## Activity
Set down exactly the first line of the entries and every line after it, through the line with "Spawn #2 1st Violator Spawn Pin-up".

Start of Provided information

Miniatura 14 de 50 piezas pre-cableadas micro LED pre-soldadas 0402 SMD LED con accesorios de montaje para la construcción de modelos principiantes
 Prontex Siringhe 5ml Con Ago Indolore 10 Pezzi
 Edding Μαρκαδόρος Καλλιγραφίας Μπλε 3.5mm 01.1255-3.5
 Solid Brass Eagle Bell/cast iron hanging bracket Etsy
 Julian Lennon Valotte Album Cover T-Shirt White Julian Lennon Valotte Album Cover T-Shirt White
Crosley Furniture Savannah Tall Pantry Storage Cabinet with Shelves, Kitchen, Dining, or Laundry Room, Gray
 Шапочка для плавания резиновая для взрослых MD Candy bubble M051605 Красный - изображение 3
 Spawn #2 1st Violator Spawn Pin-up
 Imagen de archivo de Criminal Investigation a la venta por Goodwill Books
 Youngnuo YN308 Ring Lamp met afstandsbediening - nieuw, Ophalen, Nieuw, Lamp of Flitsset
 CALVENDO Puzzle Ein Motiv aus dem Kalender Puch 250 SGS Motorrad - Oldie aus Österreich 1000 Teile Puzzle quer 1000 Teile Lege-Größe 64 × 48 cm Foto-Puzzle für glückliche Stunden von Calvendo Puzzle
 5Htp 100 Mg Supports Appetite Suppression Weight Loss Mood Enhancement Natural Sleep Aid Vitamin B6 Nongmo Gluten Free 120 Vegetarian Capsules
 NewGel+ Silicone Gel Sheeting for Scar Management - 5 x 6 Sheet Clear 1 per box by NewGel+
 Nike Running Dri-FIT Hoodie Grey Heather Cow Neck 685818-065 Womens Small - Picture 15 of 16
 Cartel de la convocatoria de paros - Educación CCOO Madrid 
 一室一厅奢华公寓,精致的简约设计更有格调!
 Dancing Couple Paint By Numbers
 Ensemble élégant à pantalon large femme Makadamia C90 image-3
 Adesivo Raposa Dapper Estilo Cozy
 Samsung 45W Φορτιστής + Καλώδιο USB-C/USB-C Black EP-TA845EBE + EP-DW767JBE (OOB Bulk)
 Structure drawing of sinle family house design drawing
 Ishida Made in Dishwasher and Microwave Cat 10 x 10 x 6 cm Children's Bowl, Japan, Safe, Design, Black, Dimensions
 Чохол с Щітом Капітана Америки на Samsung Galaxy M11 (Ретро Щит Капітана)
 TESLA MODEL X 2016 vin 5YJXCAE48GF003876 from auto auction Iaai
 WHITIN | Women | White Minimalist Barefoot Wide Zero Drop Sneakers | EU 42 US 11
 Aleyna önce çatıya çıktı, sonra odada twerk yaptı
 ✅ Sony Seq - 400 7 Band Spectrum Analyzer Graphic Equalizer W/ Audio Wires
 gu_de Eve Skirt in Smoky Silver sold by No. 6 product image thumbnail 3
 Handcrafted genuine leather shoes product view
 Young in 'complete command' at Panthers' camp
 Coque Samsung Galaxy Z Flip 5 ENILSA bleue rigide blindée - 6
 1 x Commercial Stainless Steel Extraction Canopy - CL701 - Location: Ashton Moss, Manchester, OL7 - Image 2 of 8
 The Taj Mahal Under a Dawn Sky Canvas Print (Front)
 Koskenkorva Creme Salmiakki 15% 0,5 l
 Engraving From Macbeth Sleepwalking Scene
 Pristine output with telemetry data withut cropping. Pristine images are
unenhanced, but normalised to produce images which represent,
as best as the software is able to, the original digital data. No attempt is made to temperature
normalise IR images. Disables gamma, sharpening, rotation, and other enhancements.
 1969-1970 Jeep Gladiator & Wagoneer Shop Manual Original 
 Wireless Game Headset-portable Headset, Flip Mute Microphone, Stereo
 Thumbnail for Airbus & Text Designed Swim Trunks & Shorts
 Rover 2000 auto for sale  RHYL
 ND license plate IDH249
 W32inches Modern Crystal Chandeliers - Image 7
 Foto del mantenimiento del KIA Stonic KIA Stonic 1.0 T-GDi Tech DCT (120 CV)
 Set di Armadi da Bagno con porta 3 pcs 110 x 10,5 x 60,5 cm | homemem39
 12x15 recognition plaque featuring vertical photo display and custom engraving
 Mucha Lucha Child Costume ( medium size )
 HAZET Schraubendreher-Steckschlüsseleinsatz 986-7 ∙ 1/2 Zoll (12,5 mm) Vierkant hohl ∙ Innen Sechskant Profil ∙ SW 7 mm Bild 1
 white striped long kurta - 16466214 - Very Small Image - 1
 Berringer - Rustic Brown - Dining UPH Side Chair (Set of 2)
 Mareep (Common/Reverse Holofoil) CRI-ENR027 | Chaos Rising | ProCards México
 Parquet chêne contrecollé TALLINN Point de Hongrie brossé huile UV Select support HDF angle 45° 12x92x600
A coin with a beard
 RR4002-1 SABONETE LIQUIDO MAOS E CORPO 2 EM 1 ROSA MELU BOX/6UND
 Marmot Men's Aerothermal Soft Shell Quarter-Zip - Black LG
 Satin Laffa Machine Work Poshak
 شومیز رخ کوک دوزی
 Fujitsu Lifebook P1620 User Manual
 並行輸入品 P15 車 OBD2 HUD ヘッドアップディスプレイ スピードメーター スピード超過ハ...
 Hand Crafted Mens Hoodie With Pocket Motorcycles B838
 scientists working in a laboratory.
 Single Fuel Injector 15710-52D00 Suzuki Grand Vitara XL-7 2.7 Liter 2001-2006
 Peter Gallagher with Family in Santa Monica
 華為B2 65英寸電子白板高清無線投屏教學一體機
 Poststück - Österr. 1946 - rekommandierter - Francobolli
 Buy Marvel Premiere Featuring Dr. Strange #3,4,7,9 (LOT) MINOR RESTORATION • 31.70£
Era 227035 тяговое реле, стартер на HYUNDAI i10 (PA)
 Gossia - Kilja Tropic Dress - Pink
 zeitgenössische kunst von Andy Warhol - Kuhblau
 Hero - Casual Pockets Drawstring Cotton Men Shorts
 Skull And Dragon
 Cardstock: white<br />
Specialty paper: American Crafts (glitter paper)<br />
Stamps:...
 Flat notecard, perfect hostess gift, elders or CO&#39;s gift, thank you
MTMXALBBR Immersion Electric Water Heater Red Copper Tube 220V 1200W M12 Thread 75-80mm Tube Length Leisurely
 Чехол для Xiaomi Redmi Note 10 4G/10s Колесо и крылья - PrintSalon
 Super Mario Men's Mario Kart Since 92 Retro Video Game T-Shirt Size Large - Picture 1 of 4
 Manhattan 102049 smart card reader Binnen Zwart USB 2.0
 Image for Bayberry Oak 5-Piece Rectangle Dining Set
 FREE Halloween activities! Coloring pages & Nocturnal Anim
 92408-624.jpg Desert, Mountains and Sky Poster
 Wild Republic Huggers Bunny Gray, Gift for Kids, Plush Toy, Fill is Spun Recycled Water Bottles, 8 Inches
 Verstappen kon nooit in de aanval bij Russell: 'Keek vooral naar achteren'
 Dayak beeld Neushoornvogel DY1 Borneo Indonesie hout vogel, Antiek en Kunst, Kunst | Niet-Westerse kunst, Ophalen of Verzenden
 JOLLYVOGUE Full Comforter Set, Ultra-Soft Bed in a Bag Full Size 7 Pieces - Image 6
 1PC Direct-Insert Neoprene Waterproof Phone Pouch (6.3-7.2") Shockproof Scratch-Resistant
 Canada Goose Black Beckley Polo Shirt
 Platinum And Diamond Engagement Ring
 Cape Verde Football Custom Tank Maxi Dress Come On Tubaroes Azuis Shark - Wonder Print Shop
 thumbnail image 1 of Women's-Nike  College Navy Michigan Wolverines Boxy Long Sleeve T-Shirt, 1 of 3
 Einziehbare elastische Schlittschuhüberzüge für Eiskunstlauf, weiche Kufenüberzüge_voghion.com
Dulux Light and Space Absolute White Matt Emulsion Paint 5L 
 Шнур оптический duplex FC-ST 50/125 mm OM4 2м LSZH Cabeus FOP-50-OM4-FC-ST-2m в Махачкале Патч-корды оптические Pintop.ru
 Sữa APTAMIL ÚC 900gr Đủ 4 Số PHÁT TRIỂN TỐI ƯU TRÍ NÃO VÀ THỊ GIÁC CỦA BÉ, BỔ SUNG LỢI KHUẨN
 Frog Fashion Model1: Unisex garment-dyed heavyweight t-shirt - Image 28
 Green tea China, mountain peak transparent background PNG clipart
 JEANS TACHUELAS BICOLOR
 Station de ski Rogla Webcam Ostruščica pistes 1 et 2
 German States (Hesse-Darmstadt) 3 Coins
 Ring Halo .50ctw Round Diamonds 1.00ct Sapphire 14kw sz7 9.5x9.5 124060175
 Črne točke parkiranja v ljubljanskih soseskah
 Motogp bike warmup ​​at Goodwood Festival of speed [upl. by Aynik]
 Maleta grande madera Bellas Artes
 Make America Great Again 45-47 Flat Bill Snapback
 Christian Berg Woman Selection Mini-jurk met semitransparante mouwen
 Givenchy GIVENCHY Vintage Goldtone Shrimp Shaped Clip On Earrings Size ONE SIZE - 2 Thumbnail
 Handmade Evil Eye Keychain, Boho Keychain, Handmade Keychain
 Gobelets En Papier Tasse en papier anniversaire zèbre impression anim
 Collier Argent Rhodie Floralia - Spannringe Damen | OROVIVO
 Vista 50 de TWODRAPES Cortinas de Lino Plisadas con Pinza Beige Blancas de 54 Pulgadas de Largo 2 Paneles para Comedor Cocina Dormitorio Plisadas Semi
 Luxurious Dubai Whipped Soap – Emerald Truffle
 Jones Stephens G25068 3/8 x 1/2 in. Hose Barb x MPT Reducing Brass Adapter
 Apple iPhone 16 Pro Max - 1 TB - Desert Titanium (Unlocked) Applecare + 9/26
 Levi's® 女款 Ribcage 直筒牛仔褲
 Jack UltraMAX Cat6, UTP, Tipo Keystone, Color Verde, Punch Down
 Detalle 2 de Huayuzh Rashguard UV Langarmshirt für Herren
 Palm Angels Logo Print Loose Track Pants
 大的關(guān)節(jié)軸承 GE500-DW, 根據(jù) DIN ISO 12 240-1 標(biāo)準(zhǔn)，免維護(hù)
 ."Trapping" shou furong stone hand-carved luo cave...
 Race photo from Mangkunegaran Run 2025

End of Provided information

## Exercise result
Miniatura 14 de 50 piezas pre-cableadas micro LED pre-soldadas 0402 SMD LED con accesorios de montaje para la construcción de modelos principiantes
 Prontex Siringhe 5ml Con Ago Indolore 10 Pezzi
 Edding Μαρκαδόρος Καλλιγραφίας Μπλε 3.5mm 01.1255-3.5
 Solid Brass Eagle Bell/cast iron hanging bracket Etsy
 Julian Lennon Valotte Album Cover T-Shirt White Julian Lennon Valotte Album Cover T-Shirt White
Crosley Furniture Savannah Tall Pantry Storage Cabinet with Shelves, Kitchen, Dining, or Laundry Room, Gray
 Шапочка для плавания резиновая для взрослых MD Candy bubble M051605 Красный - изображение 3
 Spawn #2 1st Violator Spawn Pin-up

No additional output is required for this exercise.